Del resto, con la fine di Quota 102 (in pensione a 64 anni con 38 di contributi) il 31 dicembre, non resterebbero più alternative alla pensione di vecchiaia a 67 anni. O a quella anticipata, ma con ben 42 anni e 10 mesi di contributi (12 in meno per le donne). Decisamente troppi.
Quota 41 per tutti se vince il centro destra
Quindi tutti in pensione con 41 anni di contributi indipendentemente dall’età. Una proposta che trova appoggio anche dei sindacati che hanno visto franare le trattative instaurate con il governo Draghi lo scorso febbraio.
Obiettivamente Quota 41 non sarebbe l’ideale per riformare il sistema pensionistico, ma è il massimo che si può ottenere in questo momento per evitare il ritorno della Fornero.
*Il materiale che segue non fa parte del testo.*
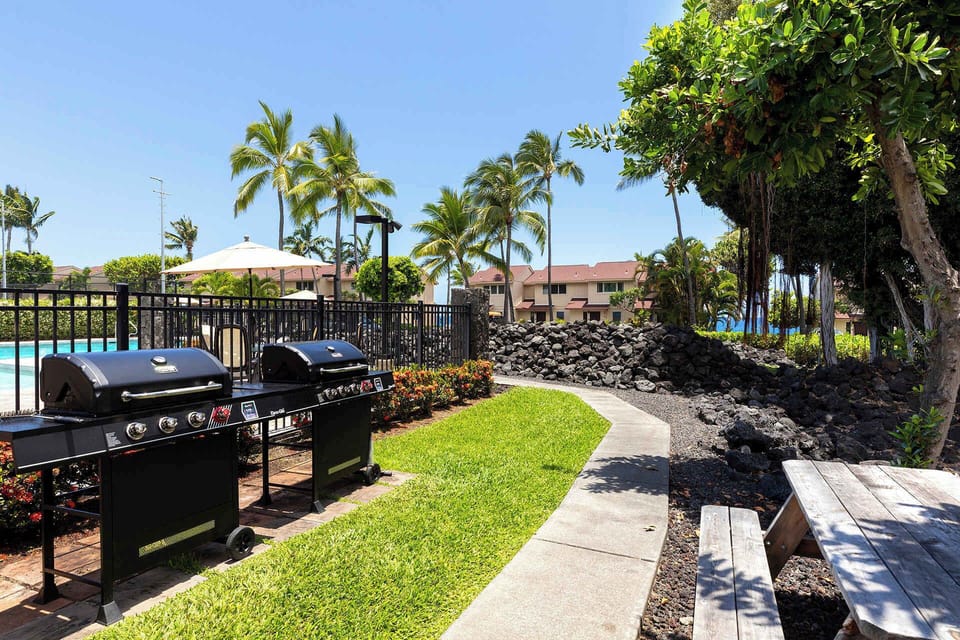 Surf & Racquet Club Pool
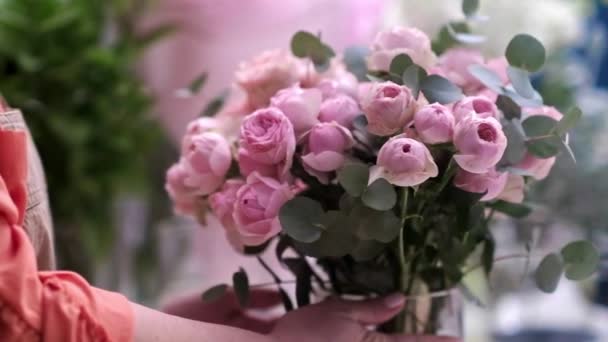 Virágüzlet Elfogadja Megrendeléseket Létrehozza Tökéletes Rózsaszín Rózsa Elrendezése Szállításra Kész — Stock videók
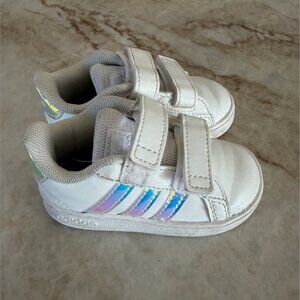 Adidas Velcro Toddler Shoes | VL Court 3.0 Shoes | White/Iridescent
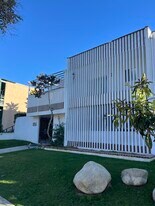 8056 Redlands St, Unit 1 in Playa Del Rey, CA - Building Photo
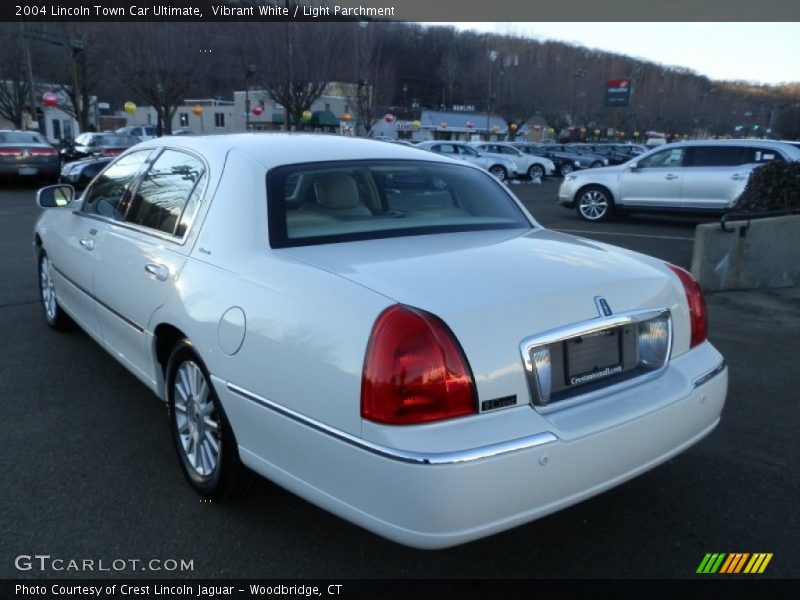 Vibrant White / Light Parchment 2004 Lincoln Town Car Ultimate
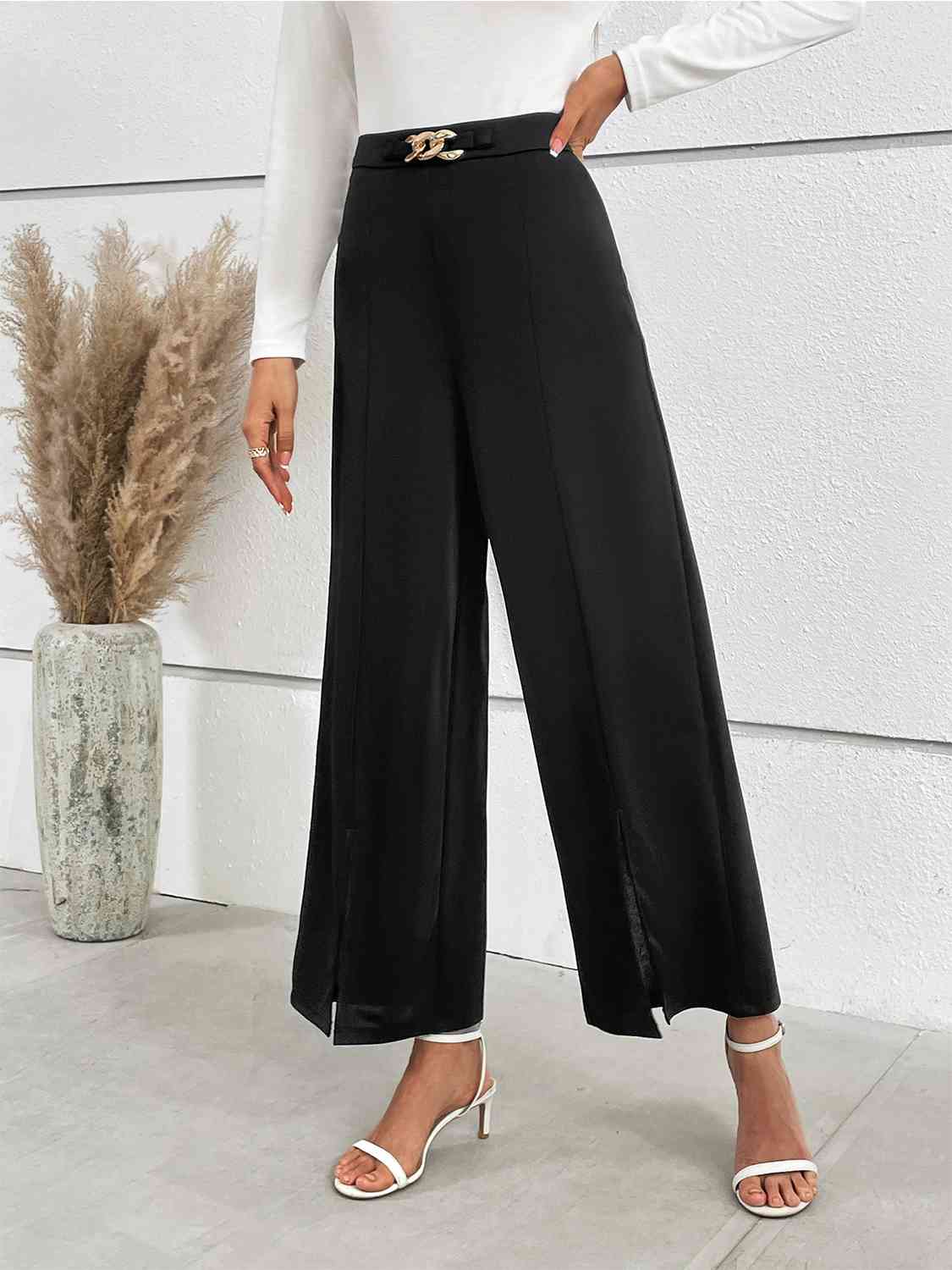 
                  
                    Chain Detail Slit Straight Pants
Come spiega Salvini
“ll primo gennaio dell’anno prossimo, se il Parlamento non fa niente, torna in vigore la maledetta Legge Fornero, maledetta la Legge, non la Fornero che significherebbe cinque anni in più di lavoro”.
L’unico ostacolo e non è di poco conto è la spesa. Quota 41 dovrebbe essere finanziariamente sostenibile, secondo quanto finora detto dal presidente Draghi e dall’Inps. E non lo è. Secondo l’Istituto di Previdenza Sociale costerebbe alle casse dello Stato 18 miliardi di euro fino al 2025.
Uno cifra impossibile da trovare visto anche l’impegno di spesa statale per rivalutare le pensioni l’anno prossimo (25 miliardi di euro in tre anni). A meno che non si vadano a prendere i soldi da altre parti o si approvi uno scostamento di bilancio.
Chi realmente beneficerà della riforma
Quota 41 – dicono gli esperti di previdenza – rischia però di rimanere uno dei tanti slogan elettorali di questo periodo. Anche perché i tempi per fare una riforma del genere sono veramente stretti.
Oltretutto andare in pensione con 41 anni di contributi versati indipendentemente dall’età non produrrebbe particolari vantaggi sociali ed economici. Oggi si può uscire dal lavoro poco più tardi a 42 anni e 10 mesi (41 e 10 mesi per le donne).
Inoltre la riforma lascerebbe tagliati fuori i giovani. Come osserva Annamaria Furlan, ex segretaria della Cisl, pochissimi avranno in futuro 41 anni di contributi per ottenere la pensione prima di raggiunger ei 67 anni di età per la pensione di vecchiaia.